**What to work on:**
Everything in the listing must be repeated exactly, apart from the images.

**Data segment:**
***

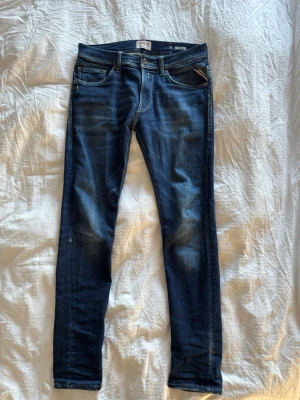 Replay jeans - Säljer nu dessa replay jondrill. | Storlek W31. | Slim fit. | Väldigt fin färg. | Har en slitning som man ser vid knäet på första bilden. | Släng iväg en signal vid funderingar så svarar jag snabbt. |
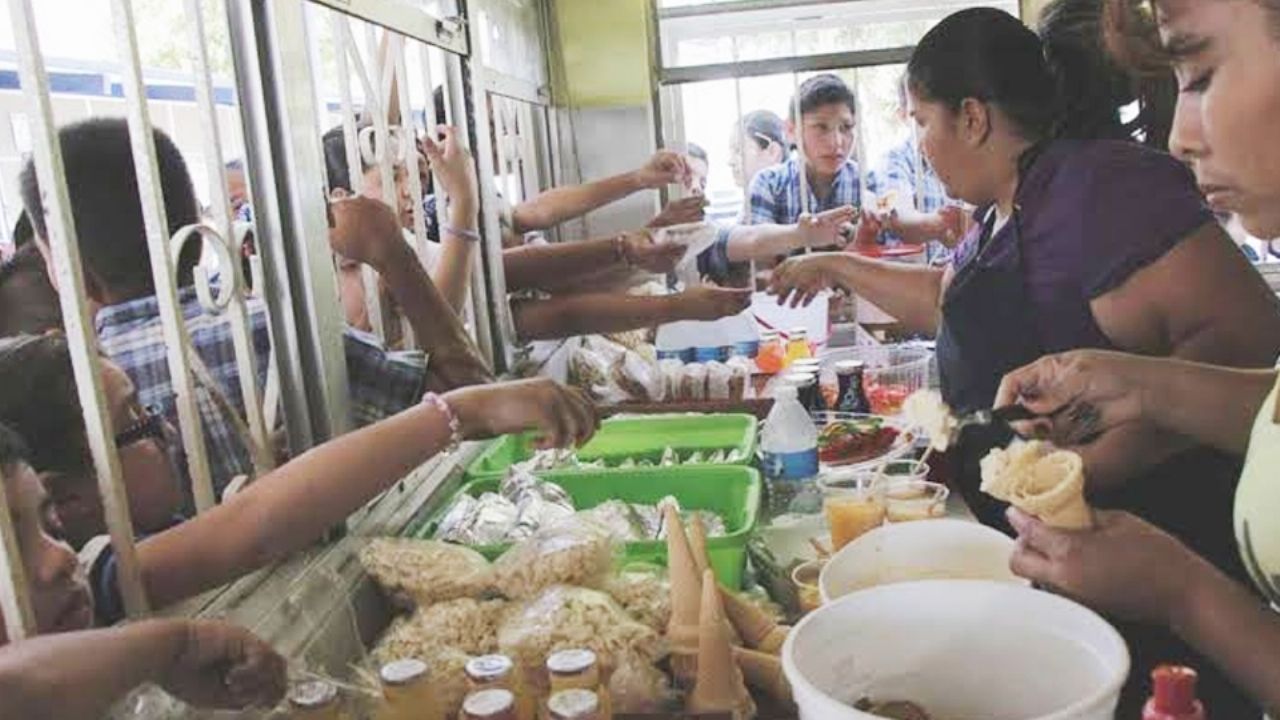 SEC Sonora no puede retirar alimentos chatarra a estudiantes que los traen de fuera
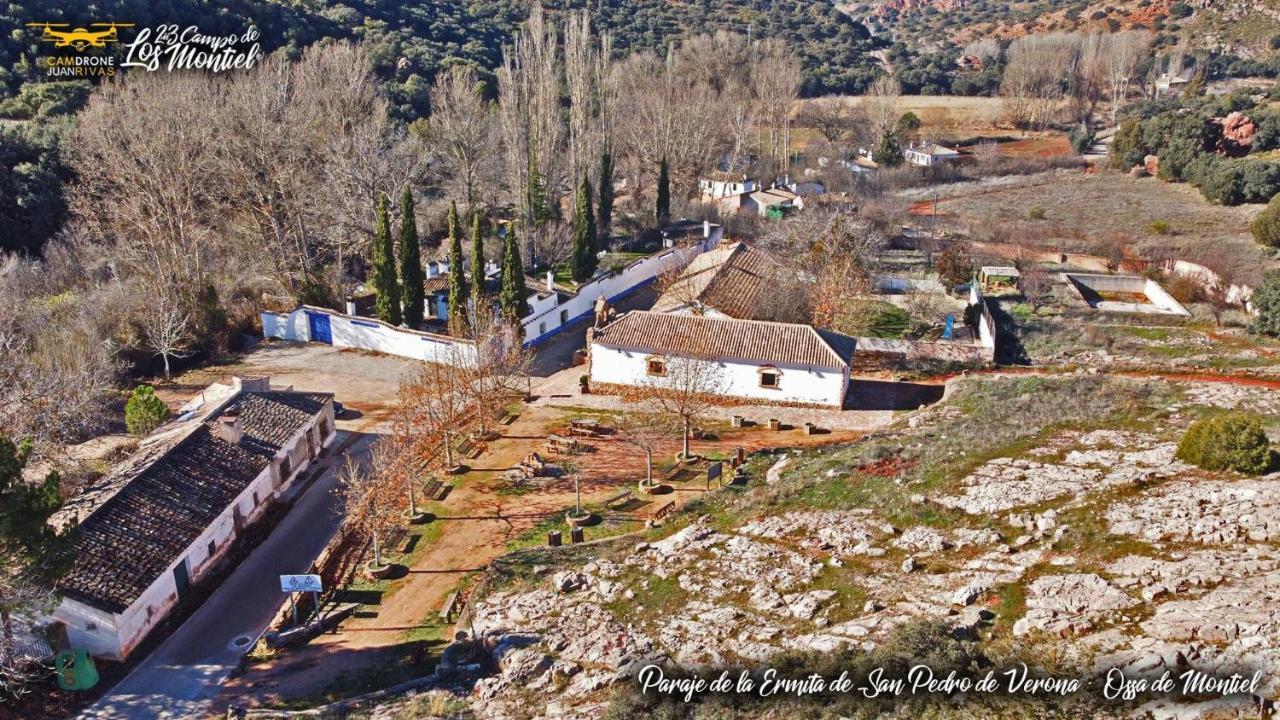 Maison d'hôtes Venta Del Celemin à Ossa de Montiel Extérieur photo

***

**Task solution:**
 Replay jeans - Säljer nu dessa replay jondrill. | Storlek W31. | Slim fit. | Väldigt fin färg. | Har en slitning som man ser vid knäet på första bilden. | Släng iväg en signal vid funderingar så svarar jag snabbt. |
 SEC Sonora no puede retirar alimentos chatarra a estudiantes que los traen de fuera
 Maison d'hôtes Venta Del Celemin à Ossa de Montiel Extérieur photo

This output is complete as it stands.